I know you were, where is your sense of humour?? btw it does not come with every new PC my last one had McAfee


----------



## starthrower

It's not a musical instrument but it can be used to make music. So can spoons and trash can lids. The creative musician is the most important ingredient.


----------



## Guest

JTech82 said:


> No, a laptop is not an instrument. Why? *Because it's a freaking computer that's why!*


*JTech82* The nail has been hit right on the head old chap. I do miss you if only you could see this is still going on and on and on...on...on


----------



## quack

Is the internet a symphony with its interweaving themes, its fugues and cadenzas, or is it just people pointlessly, tirelessly, endlessly arguing. These seem like relevant links:


----------



## DjPaBlu

*Yes. A laptop is an instrument.*

Before we can say whats an instrument or not first we must define what a musical instrument and Music is. A musical instrument is any of various devices or contrivances that can be used to produce musical tones or sounds. While Music is a form of expressing oneself. As a Dj/Producer I have produced several songs and yes I used a laptop to create all of those. We can safely assume that a laptop abides by the definition of what a *Musical instrument* is. If we we were to say it isn't an instrument. We'd be saying that David Guetta, Deadmau5, Skrillex, Black Eyed Peas, Avicii & others are not musicians. Since Music is a form of self-expression. A Laptop can deeply be an instrument because through it. Artists like the ones I said above has been using Laptops to create music. So if we're saying that it isn't an instrument because its electronic and it's main goal is not to make music. Then we should say that Horns, Whistles, electric guitars and others aren't instruments. So Please stop saying that laptops aren't instrument because it can already be considered as and instrument itself.


----------



## LordBlackudder

yes because those dubstep people use it.


----------



## Guest

DjPaBlu said:


> A musical instrument is any of various devices or contrivances that can be used to produce musical tones or sounds. .

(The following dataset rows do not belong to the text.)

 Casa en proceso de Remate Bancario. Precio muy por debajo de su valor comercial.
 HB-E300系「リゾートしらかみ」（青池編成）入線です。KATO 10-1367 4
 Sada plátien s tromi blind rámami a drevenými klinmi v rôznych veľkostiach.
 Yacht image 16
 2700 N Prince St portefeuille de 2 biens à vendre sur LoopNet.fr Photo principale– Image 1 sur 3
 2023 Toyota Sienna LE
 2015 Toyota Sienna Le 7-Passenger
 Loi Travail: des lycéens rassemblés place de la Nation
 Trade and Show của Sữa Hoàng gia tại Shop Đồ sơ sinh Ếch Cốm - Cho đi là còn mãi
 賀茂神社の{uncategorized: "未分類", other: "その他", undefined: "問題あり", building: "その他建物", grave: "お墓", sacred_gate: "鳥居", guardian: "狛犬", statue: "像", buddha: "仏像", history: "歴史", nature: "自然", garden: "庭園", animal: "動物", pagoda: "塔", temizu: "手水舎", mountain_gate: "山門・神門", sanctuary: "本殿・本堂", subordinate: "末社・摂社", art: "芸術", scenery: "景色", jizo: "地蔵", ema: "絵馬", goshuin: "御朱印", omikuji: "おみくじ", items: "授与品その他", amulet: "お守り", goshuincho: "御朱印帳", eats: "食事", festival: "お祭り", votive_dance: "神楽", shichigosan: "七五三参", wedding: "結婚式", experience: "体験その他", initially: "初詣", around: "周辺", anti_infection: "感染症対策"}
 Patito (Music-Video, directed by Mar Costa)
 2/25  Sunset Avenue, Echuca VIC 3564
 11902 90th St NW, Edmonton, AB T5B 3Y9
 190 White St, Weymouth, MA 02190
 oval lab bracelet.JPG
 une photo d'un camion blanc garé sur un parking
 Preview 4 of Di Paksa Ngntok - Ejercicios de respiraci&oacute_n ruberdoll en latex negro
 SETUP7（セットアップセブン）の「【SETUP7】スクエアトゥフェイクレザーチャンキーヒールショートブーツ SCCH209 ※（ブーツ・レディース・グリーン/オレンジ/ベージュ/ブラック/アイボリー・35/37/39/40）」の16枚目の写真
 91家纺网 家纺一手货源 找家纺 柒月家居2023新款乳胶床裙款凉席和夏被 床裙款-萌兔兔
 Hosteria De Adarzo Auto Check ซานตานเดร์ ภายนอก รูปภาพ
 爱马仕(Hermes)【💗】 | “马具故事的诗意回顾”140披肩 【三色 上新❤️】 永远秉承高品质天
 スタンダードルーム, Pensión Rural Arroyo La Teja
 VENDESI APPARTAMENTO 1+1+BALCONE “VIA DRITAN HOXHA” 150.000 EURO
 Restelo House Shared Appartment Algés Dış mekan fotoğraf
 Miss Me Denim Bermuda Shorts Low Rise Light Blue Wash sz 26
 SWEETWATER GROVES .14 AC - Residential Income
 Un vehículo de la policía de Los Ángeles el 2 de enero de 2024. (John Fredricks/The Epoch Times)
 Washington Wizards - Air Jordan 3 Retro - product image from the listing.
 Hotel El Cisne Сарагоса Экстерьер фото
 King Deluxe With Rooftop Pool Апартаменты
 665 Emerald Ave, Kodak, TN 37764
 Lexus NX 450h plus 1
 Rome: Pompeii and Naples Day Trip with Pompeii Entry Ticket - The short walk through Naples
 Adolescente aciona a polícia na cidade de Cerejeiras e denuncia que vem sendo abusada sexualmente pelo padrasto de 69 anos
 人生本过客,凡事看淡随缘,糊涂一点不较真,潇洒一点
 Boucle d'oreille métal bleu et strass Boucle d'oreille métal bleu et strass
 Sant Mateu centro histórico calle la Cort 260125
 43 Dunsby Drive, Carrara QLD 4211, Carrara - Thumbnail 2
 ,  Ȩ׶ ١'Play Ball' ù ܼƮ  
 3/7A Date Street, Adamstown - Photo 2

Here we go again: so a Car, telephone, garden rake, party balloon, farting cow are musical instruments get real they are what they are nothing more nothing less. A musical instrument is that which was made for and intended to make music.


----------



## appoggiatura

This subject is quite painful to me. I don't want to see a laptop as an instrument but I have to admit that it is.
You know what makes me angry? Laptop-'musicians' aka famous dj's get a lot more recognition for their work than musicians that struggle and practise every day to study their instruments. NOT FAIR.


----------



## BurningDesire

No, but I do see it as an apparatus for operating certain instruments: software instruments.


----------



## BurningDesire

Andante said:


> Here we go again: so a Car, telephone, garden rake, party balloon, farting cow are musical instruments get real they are what they are nothing more nothing less. A musical instrument is that which was made for and intended to make music.


the human voice didn't evolve for the purpose of making music. The saw wasn't invented to make music. If it is used in making music it is a musical instrument.


----------



## Crudblud

A computer is more a performer than an instrument; the keyboard can be mapped to act as the keyboard of a piano, albeit in a very limited fashion that is worthless for anything beyond basic testing. It can handle multiple strings of precise instructions at once; including pitch, articulation, dynamics, tempo, time signature and essentially any subdivision imaginable as well as a myriad of parameters not available to the acoustic instrument family, including real time filtering, panning, amplification, distortion, and delay effects such as echo and reverb. A composer with enough patience to learn how to use these parameters effectively will find themselves with an army of dedicated musicians at their fingertips and a limit that far exceeds the sky.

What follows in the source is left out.